La province de Guangdong doit également aller sur le marché vendredi via une émission d’obligations à 3 et 5 ans de 3,45 milliards de yuans. Et la ville de Shenzhen a déjà mandaté ICBC, China Construction Bank (CCB) et China Development Bank comme principaux souscripteurs à une prochaine émission.
«Ce sont des investissements sûrs et de bonne valeur», estime Chen Qiwei, trader obligataire chez Shenzhen Development Bank. Et de préciser que «dans la mesure où les autorités centrales continuent d’effectuer les paiements pour les autorités locales, il n’existe aucun risque de défaut». L’Etat chinois a placé hier un montant de 52 milliards de yuans de titres à un an au taux de 3,4875%, un niveau inférieur au taux de référence ainsi qu’à celui de 3,5733% servi lors de la dernière adjudication le 8 novembre dernier.

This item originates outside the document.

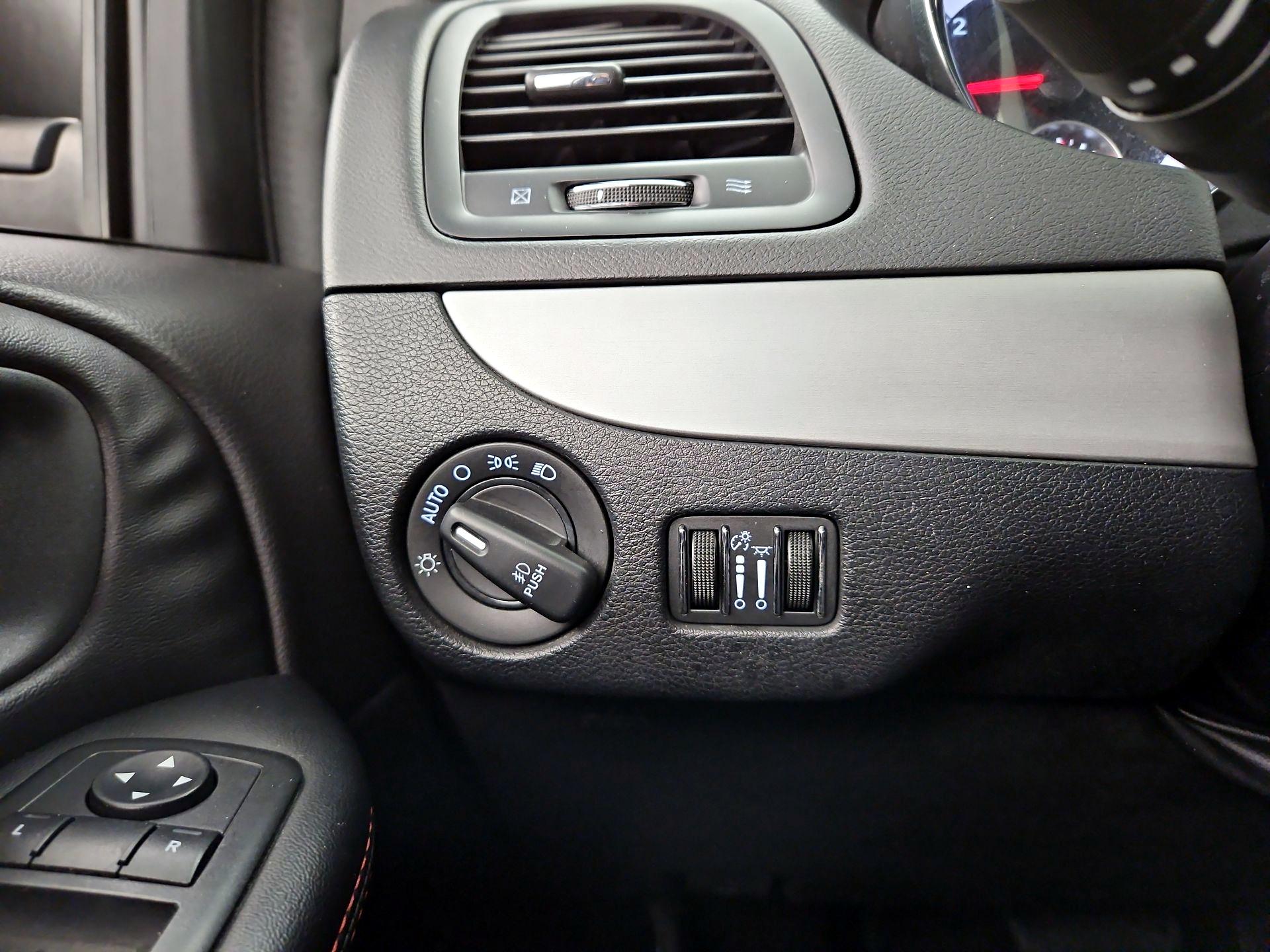 Thumbnail: 2019 Dodge Grand Caravan - 13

«Il s’agit d’un pas important vers un financement des gouvernements locaux plus tourné vers le marché», estime Li Jieming, analyste obligataire chez Sealand Securities. La dette locale a connu une explosion par le biais de véhicules de financement parallèles suite au plan de relance initié par le gouvernement en 2008. Sur les 10.700 milliards de yuans de dette accumulés par les collectivités locales fin 2010, le gouvernement prévoit que 3.500 milliards pourraient mal tourner alors que Standard & Poor’s estime que le montant de créances douteuses serait plus proche des 9.000 milliards.
De quoi faire trembler le secteur bancaire du pays. Au troisième trimestre, la performance des grosses banques chinoises est néanmoins restée solide avec une hausse du résultat net de 28% pour ICBC, de 31% pour Bank of Communications, de 9% pour Bank of China, de 16% pour CCB et de 40% pour Ag Bank.